Linux 网络时间戳
为了衡量机内延迟,希望拿到收发包的时间戳
文档
网卡支持
$ ethtool -T eth0
Time stamping parameters for eth0:
Capabilities:
software-transmit (SOF_TIMESTAMPING_TX_SOFTWARE)
software-receive (SOF_TIMESTAMPING_RX_SOFTWARE)

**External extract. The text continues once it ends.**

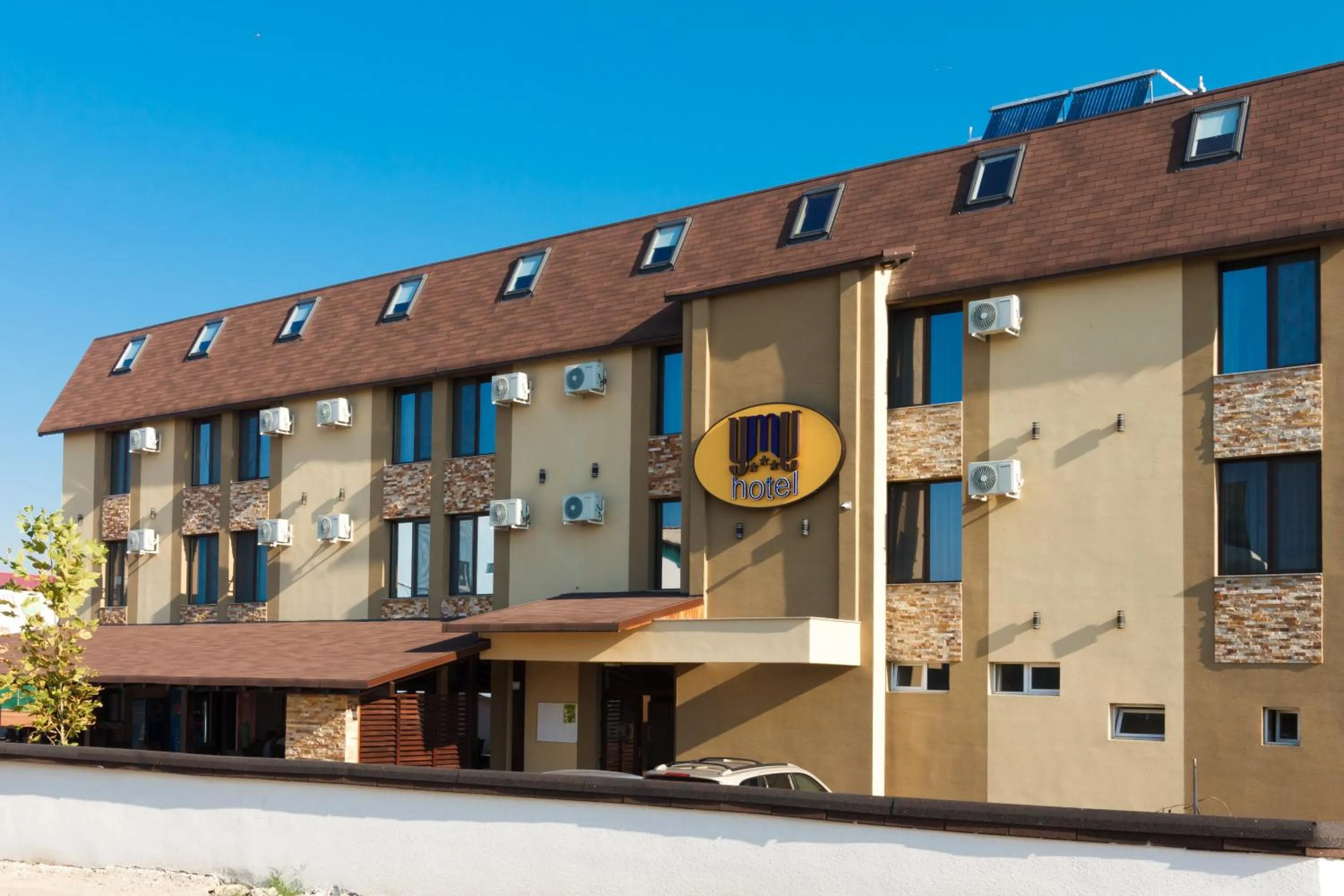 Facade/entrance in YMY HOTELS Târgu Jiu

software-system-clock (SOF_TIMESTAMPING_SOFTWARE)
PTP Hardware Clock: none
Hardware Transmit Timestamp Modes: none
Hardware Receive Filter Modes: none
即服务器只支持软件时间戳
时间戳获取
以 TCP 为例
RX
// 创建 socket 后
// 设置 SO_TIMESTAMPING 选项
{
int timestamps = SOF_TIMESTAMPING_RX_SOFTWARE | SOF_TIMESTAMPING_SOFTWARE;
if (setsockopt(sockfd, SOL_SOCKET, SO_TIMESTAMPING, ×tamps, sizeof(timestamps)) < 0)
{
perror("SO_TIMESTAMPING");
}
}
// 用 recvmsg 接收数据
char *buf = new char[1024];
struct msghdr msg = {0};
struct iovec iov = {buf, 1024};
char control[CMSG_SPACE(sizeof(struct timespec))];
msg.msg_iov = &iov;
msg.msg_iovlen = 1;
msg.msg_control = control;
msg.msg_controllen = sizeof(control);
while (true)
{
int size = recvmsg(sockfd, &msg, MSG_DONTWAIT);
if (size == -1 && errno == EAGAIN)
continue;
for (auto cmsg = CMSG_FIRSTHDR(&msg); cmsg != NULL; cmsg = CMSG_NXTHDR(&msg, cmsg))
{
if (cmsg->cmsg_level == SOL_SOCKET && cmsg->cmsg_type == SO_TIMESTAMPING)
{
struct timespec* ts = (struct timespec*)CMSG_DATA(cmsg);
printf("recv at %.9lf\n", ts->tv_sec + ts->tv_nsec * 1e-9);
}
}
if (size > 0)
break;
}
TX
// 创建 socket 后
// 设置 SO_TIMESTAMPING 选项
{
int timestamps = SOF_TIMESTAMPING_TX_SOFTWARE | SOF_TIMESTAMPING_SOFTWARE;
if (setsockopt(connfd, SOL_SOCKET, SO_TIMESTAMPING, ×tamps, sizeof(timestamps)) < 0)
{
perror("SO_TIMESTAMPING");
}
}
// 发送数据后, 时间戳会被写入到 ERRQUEUE 中
char buf[1024];
// ...
while (true)
{
write(connfd, buf, size);
// read tx timestamp
{
/* For transmit timestamps the outgoing packet is looped back to the socket’s error queue with the send timestamp(s) attached.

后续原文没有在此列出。